§ **Data for analysis**:

====

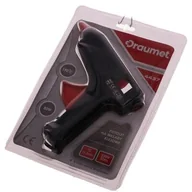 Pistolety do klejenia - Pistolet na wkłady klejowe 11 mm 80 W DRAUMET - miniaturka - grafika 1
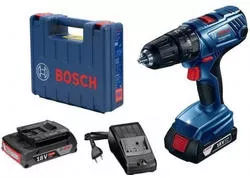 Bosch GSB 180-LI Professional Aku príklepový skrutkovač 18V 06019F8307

====

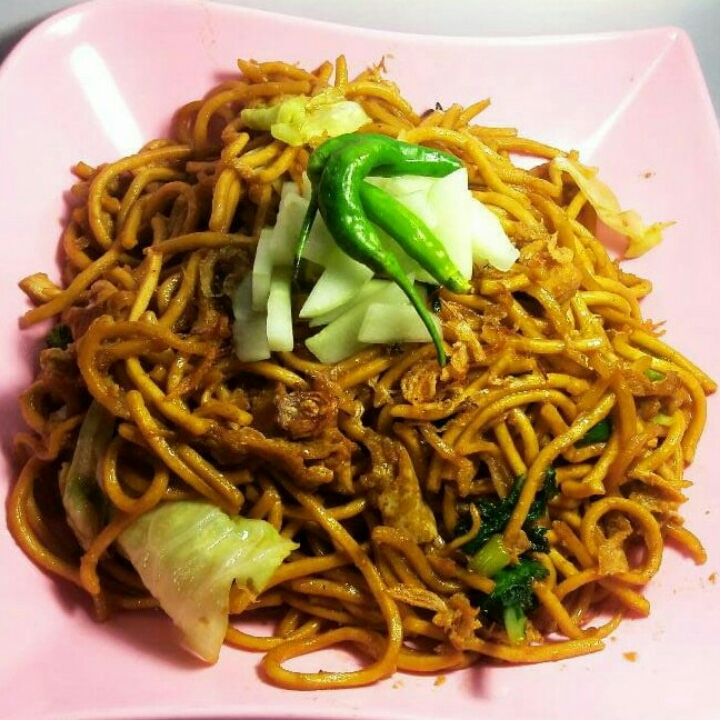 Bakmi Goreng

====

§ **Try it**: Above are some entries. Restate word for word the lines from the one holding "Pistolety do klejenia" through the one holding "Bosch GSB 180-LI", but not the pictures.

§ **Output for this task**:
 Pistolety do klejenia - Pistolet na wkłady klejowe 11 mm 80 W DRAUMET - miniaturka - grafika 1
 Bosch GSB 180-LI Professional Aku príklepový skrutkovač 18V 06019F8307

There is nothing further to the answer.